- Supplied information -
[Start of section]

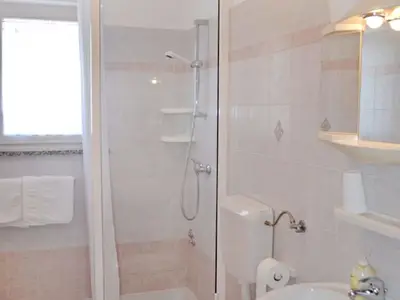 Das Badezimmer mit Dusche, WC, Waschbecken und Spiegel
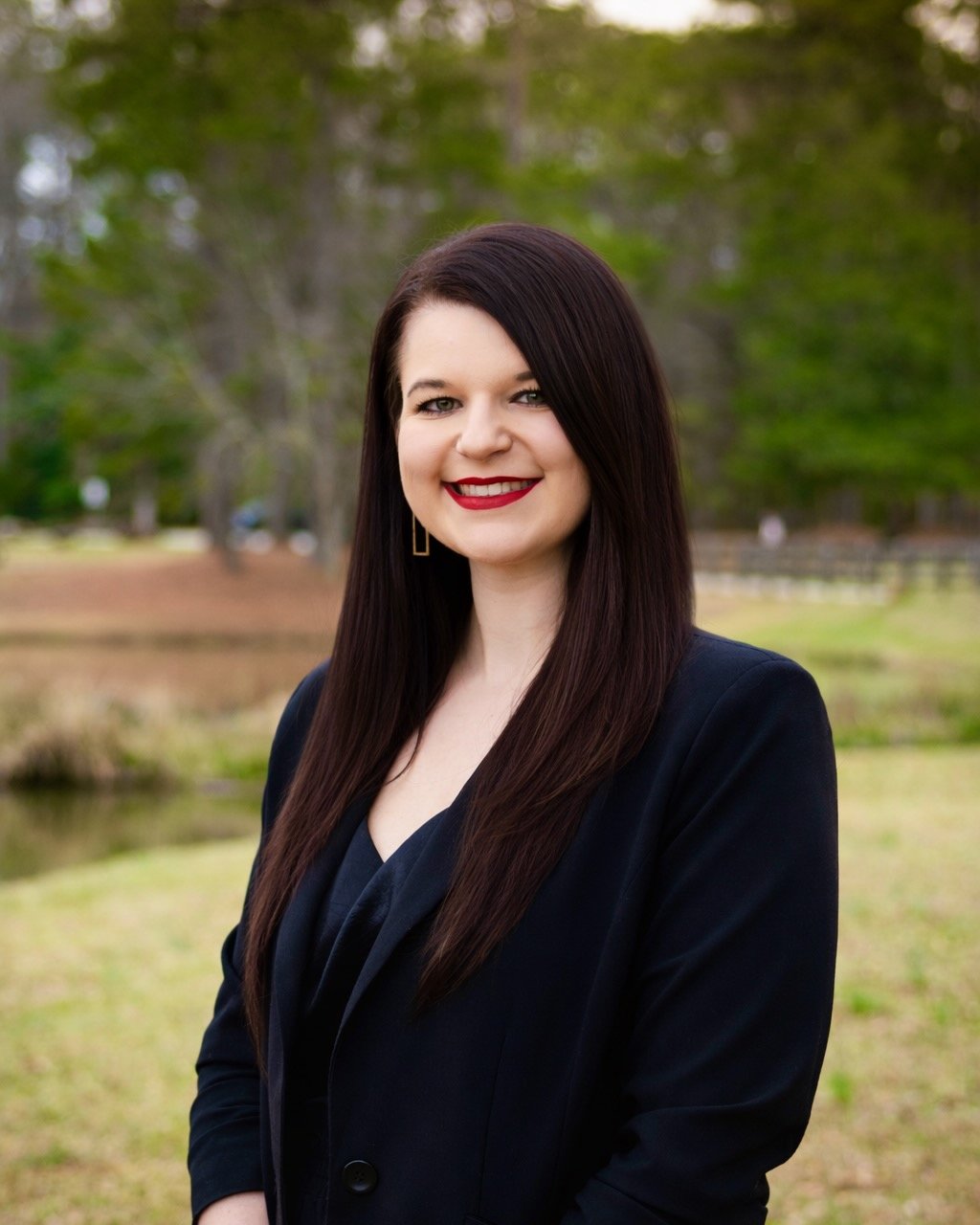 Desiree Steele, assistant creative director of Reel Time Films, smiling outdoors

[End of section]
[Start of section]

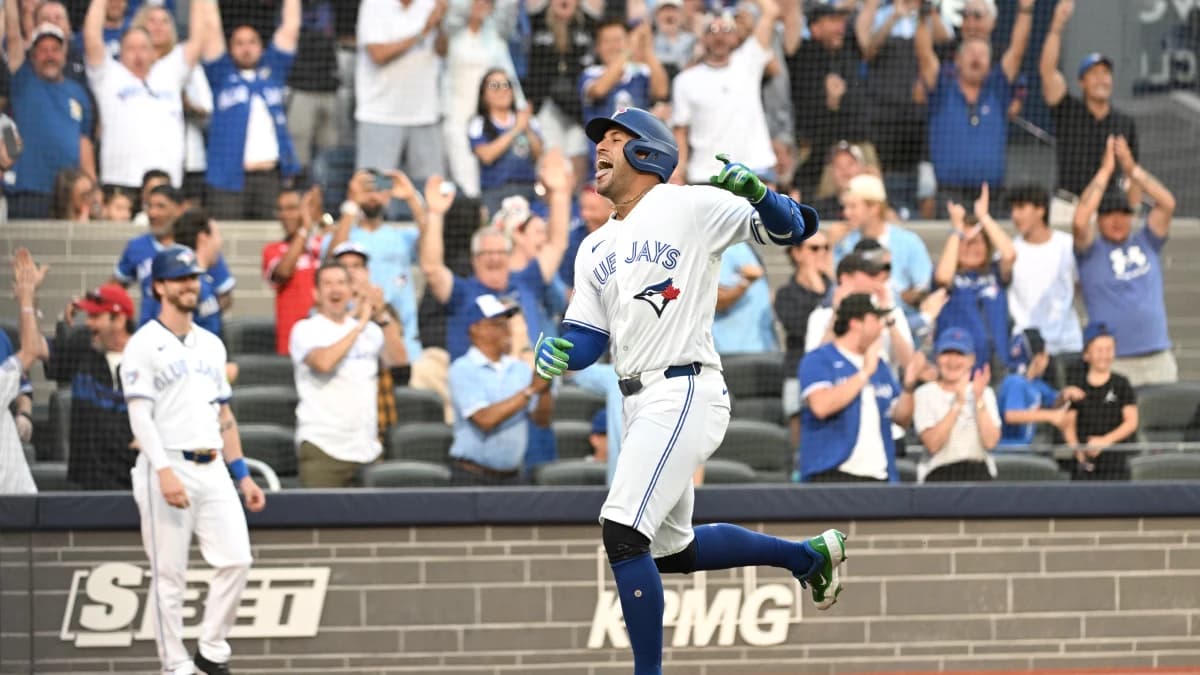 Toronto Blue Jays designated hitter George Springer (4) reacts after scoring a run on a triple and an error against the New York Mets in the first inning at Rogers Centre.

[End of section]
[Start of section]

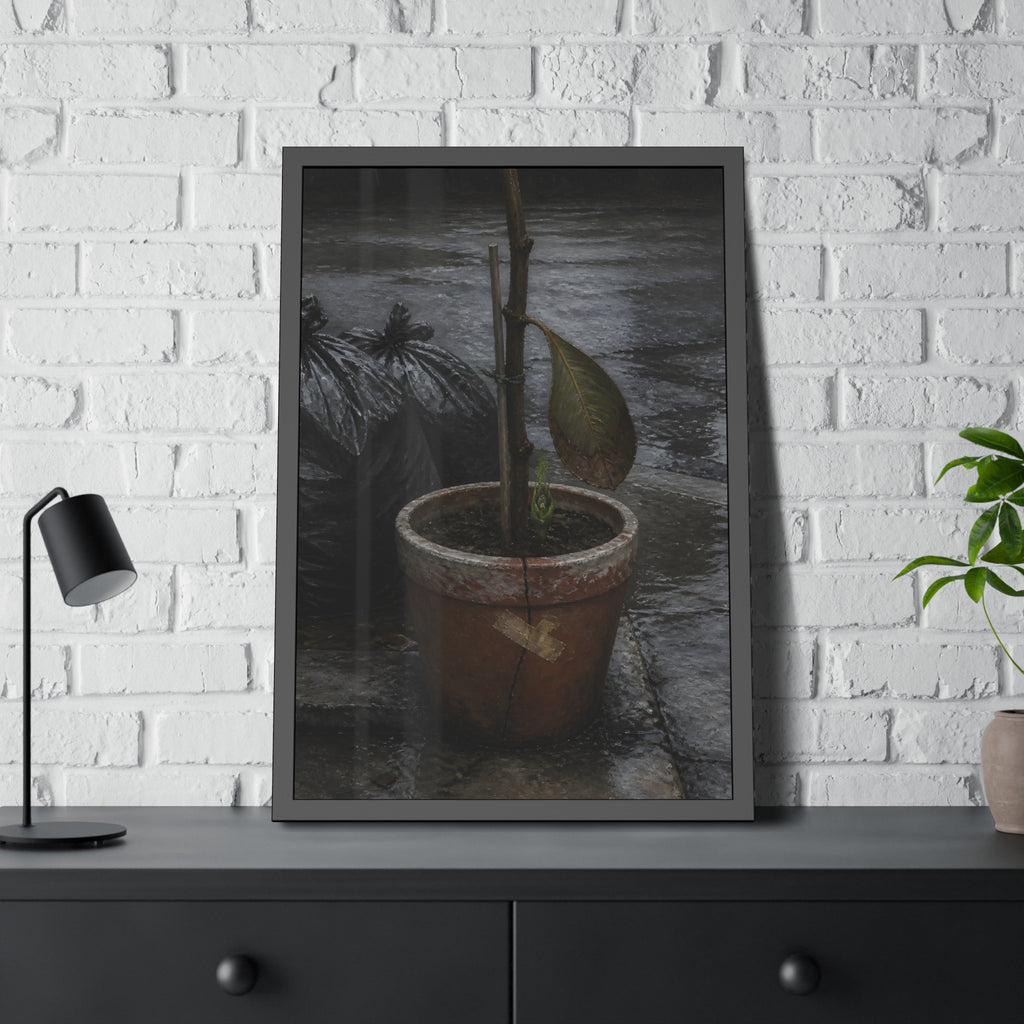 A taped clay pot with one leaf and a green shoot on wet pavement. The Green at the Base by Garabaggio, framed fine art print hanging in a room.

[End of section]

- Required work -
Write back word for word every line in the entries above from the one with "Das Badezimmer mit" to the one with "Desiree Steele, assistant", ends included, and none of the pictures.

- Response to this task -
 Das Badezimmer mit Dusche, WC, Waschbecken und Spiegel
 Desiree Steele, assistant creative director of Reel Time Films, smiling outdoors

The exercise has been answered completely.